「親に恥ずかしい思いをさせられた経験は、誰にでもあるものだ」エイブラハムがそう語った瞬間、セミナー会場は静かな苦笑で包まれた。
身近な存在だからこそ、その場の空気や周囲の視線に耐えられなかったりする。
今回の教えは、ネガティブな行動をとる人をどう理解するかーー。
これまでの思い込みを根底から変えるような教えに、心が大きく揺さぶられた。
その気づきは家族愛だけにとどまらず、人生のあらゆる人間関係に生かせる深い洞察へと広がっていく。
「いい人でない」父に困惑する息子
セミナーで質問をした若い男性は、父親の振る舞いに困惑していると言う。
「 父はいつも不機嫌で、周囲に重い空気を漂わせていて、いい人ではないんです。先日も一緒に行ったスーパーで不満をぶつける場面があり、僕はあとでレジの人に謝罪に行きました」ーーそれを誠意ある対応だと信じていたようだ。
エイブラハムは、そのことについてこんな指摘をした。
「それは内なる存在が感じていることよりも、他人がどう感じるかを優先した」ーーつまり「恥」から生まれた行動だと。

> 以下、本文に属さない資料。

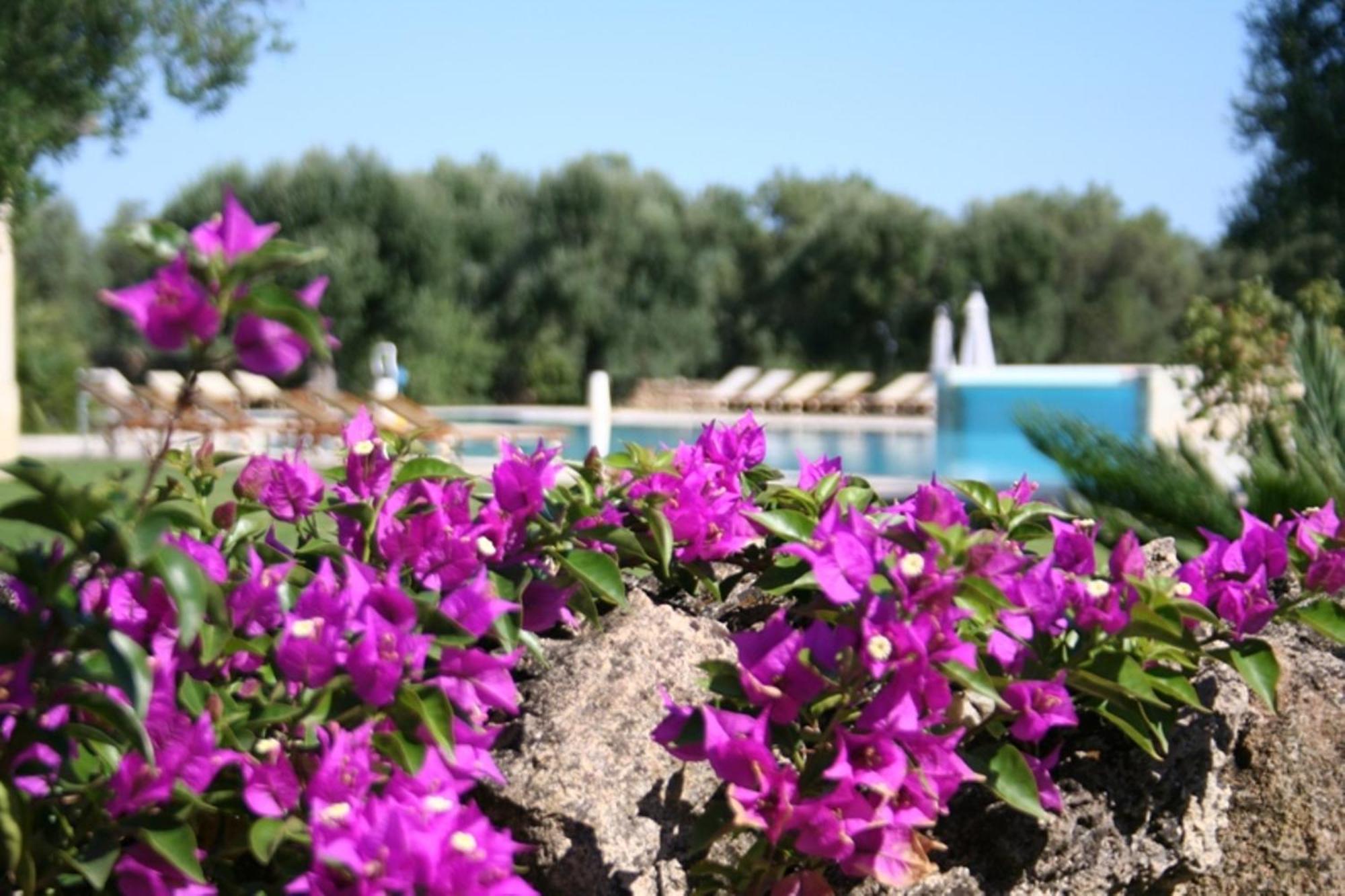 Tenuta Monacelli Lecce Dış mekan fotoğraf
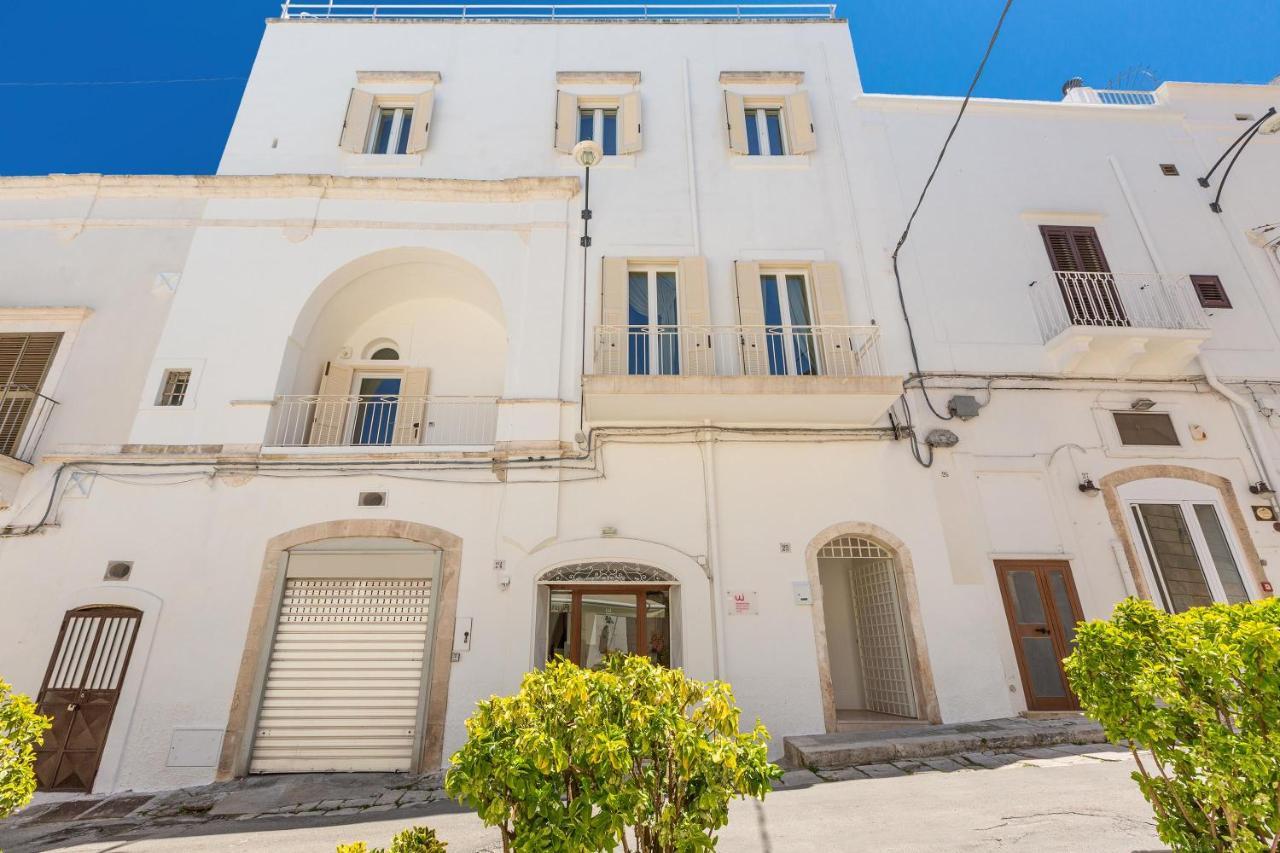 فندق Palazzo Mascetti أوستوني المظهر الخارجي الصورة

一見、他人への配慮や誠意に見える謝罪。しかし、エイブラハムの視点では、それは「恥ずかしさ」というネガティブな感情に留まり、自分自身のエネルギーを分裂させてしまう行為。
そしてこう続けた。
「内なる存在は父親のことを理解しており、彼が何を望んでいるかを知っている。だから決して恥ずかしいとは思っていない」
レジ係や世間の評価といった外部の目線を優先するとき、内なる存在との調和は乱れてしまうと言う。
それは、自分の本質から離れ、他人の基準に合わせて生きることになるーーエイブラハムは、その微細なズレが心の平安を奪うと教えていた。

苦しみの正体は?エイブラハムが示した衝撃の比喩
エイブラハムは、この父親の行動の奥に潜む見えない苦しみを説明するために、思わず息をのむような比喩を提示したーー。
「もし車に轢かれて通りで血を流している人を見たら、レジ係や誰もがその人を助けに行くだろう」
「しかし、横柄な態度を取る人を見たとき、あなたたちは助けたいとは思わない」
つまり、物理的に出血している人も、横柄な態度を取る人も、本質的には同じように苦しんでいるのだと語った。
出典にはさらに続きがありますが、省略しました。